[Data entries]
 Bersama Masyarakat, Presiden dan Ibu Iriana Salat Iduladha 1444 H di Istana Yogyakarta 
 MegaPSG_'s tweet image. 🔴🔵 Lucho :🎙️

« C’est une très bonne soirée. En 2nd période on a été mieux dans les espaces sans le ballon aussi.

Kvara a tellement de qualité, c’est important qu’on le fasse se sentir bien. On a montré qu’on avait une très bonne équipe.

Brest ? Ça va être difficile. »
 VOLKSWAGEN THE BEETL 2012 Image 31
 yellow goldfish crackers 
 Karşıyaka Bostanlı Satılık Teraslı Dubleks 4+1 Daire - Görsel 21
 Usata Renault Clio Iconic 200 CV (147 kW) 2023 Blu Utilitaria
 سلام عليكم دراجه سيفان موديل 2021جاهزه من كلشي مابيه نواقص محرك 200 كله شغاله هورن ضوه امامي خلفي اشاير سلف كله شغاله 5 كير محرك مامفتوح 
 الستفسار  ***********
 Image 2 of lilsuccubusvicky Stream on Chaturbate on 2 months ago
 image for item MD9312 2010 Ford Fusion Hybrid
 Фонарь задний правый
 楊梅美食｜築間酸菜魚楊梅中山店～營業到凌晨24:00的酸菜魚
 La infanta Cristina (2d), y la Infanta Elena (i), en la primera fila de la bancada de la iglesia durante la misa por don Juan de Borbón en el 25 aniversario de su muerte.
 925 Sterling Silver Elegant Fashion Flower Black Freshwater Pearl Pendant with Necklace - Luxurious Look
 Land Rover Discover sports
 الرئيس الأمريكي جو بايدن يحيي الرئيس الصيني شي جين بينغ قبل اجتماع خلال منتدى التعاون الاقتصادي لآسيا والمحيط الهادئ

- Work instructions: The answer must be the lines from the one containing "yellow goldfish crackers" through the last line of the records, copied exactly, with nothing else.

- Reply:
 yellow goldfish crackers 
 Karşıyaka Bostanlı Satılık Teraslı Dubleks 4+1 Daire - Görsel 21
 Usata Renault Clio Iconic 200 CV (147 kW) 2023 Blu Utilitaria
 سلام عليكم دراجه سيفان موديل 2021جاهزه من كلشي مابيه نواقص محرك 200 كله شغاله هورن ضوه امامي خلفي اشاير سلف كله شغاله 5 كير محرك مامفتوح 
 الستفسار  ***********
 Image 2 of lilsuccubusvicky Stream on Chaturbate on 2 months ago
 image for item MD9312 2010 Ford Fusion Hybrid
 Фонарь задний правый
 楊梅美食｜築間酸菜魚楊梅中山店～營業到凌晨24:00的酸菜魚
 La infanta Cristina (2d), y la Infanta Elena (i), en la primera fila de la bancada de la iglesia durante la misa por don Juan de Borbón en el 25 aniversario de su muerte.
 925 Sterling Silver Elegant Fashion Flower Black Freshwater Pearl Pendant with Necklace - Luxurious Look
 Land Rover Discover sports
 الرئيس الأمريكي جو بايدن يحيي الرئيس الصيني شي جين بينغ قبل اجتماع خلال منتدى التعاون الاقتصادي لآسيا والمحيط الهادئ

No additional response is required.